| Input for this task |
══════════════════════════════

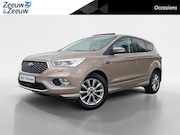 Ford Kuga - 1.5 EcoBoost Vignale 150PK | Panoramadak | Adaptieve Cruise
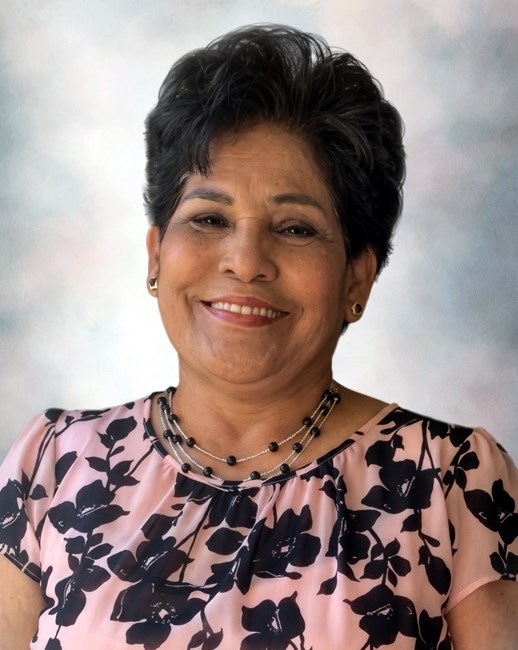 Obituary of Anna Marie "Chata" Orta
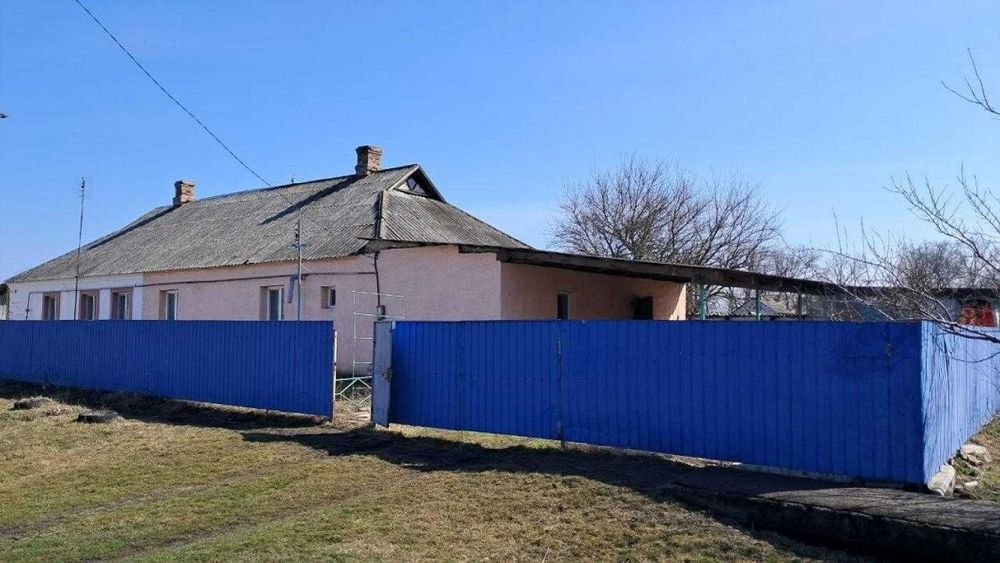 ЄВідновлення!! Частина будинку / Код 8888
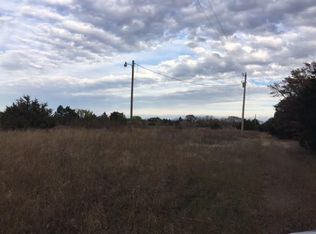 28179 County Street 2640, Gracemont, OK 73042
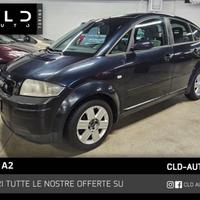 AUDI A2 1.4 16V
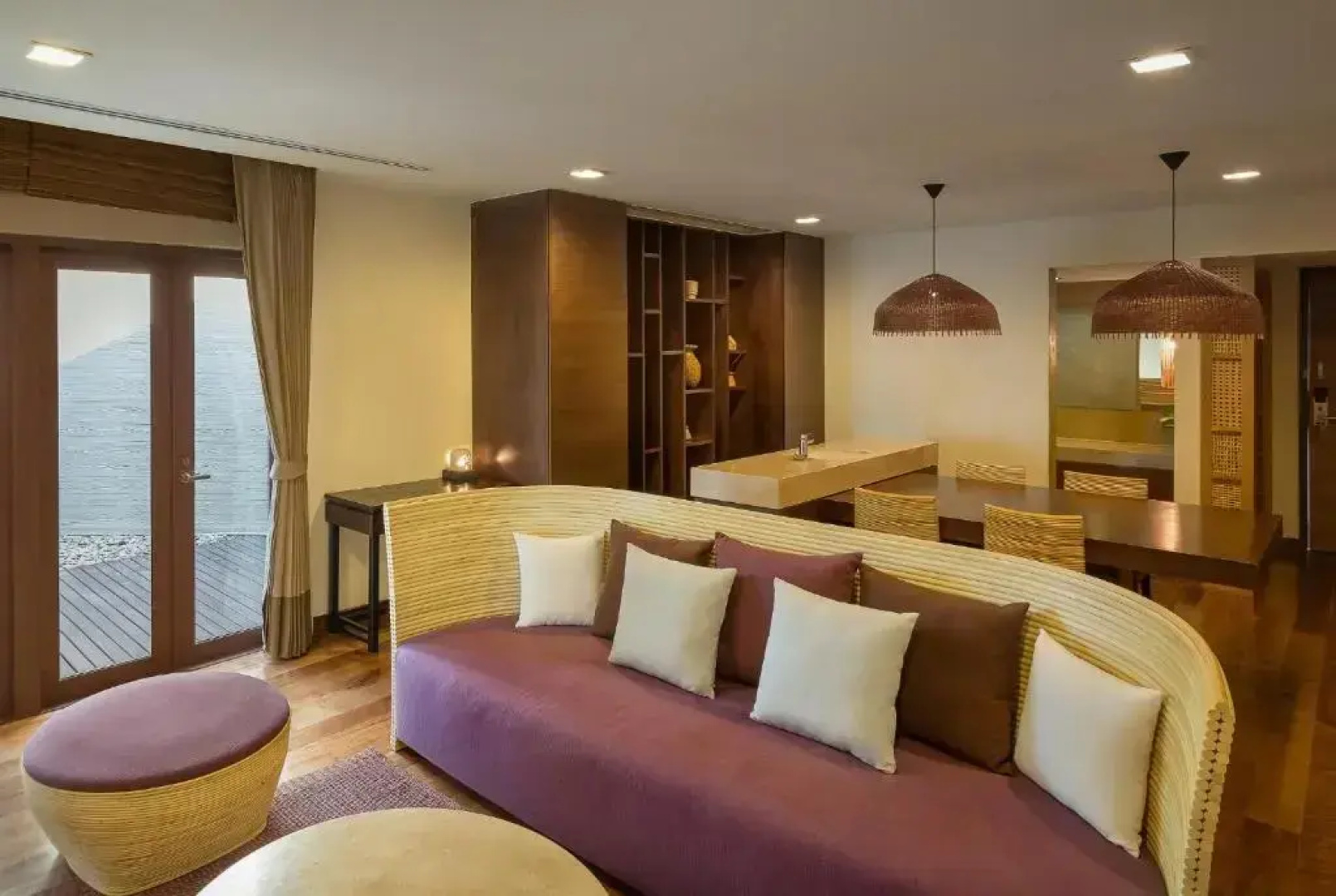 Prana Resort Nandana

══════════════════════════════

| Exercise details |
The entries above need to be printed again exactly; please exclude all pictures.

| Result for this task |
 Ford Kuga - 1.5 EcoBoost Vignale 150PK | Panoramadak | Adaptieve Cruise
 Obituary of Anna Marie "Chata" Orta
 ЄВідновлення!! Частина будинку / Код 8888
 28179 County Street 2640, Gracemont, OK 73042
 AUDI A2 1.4 16V
 Prana Resort Nandana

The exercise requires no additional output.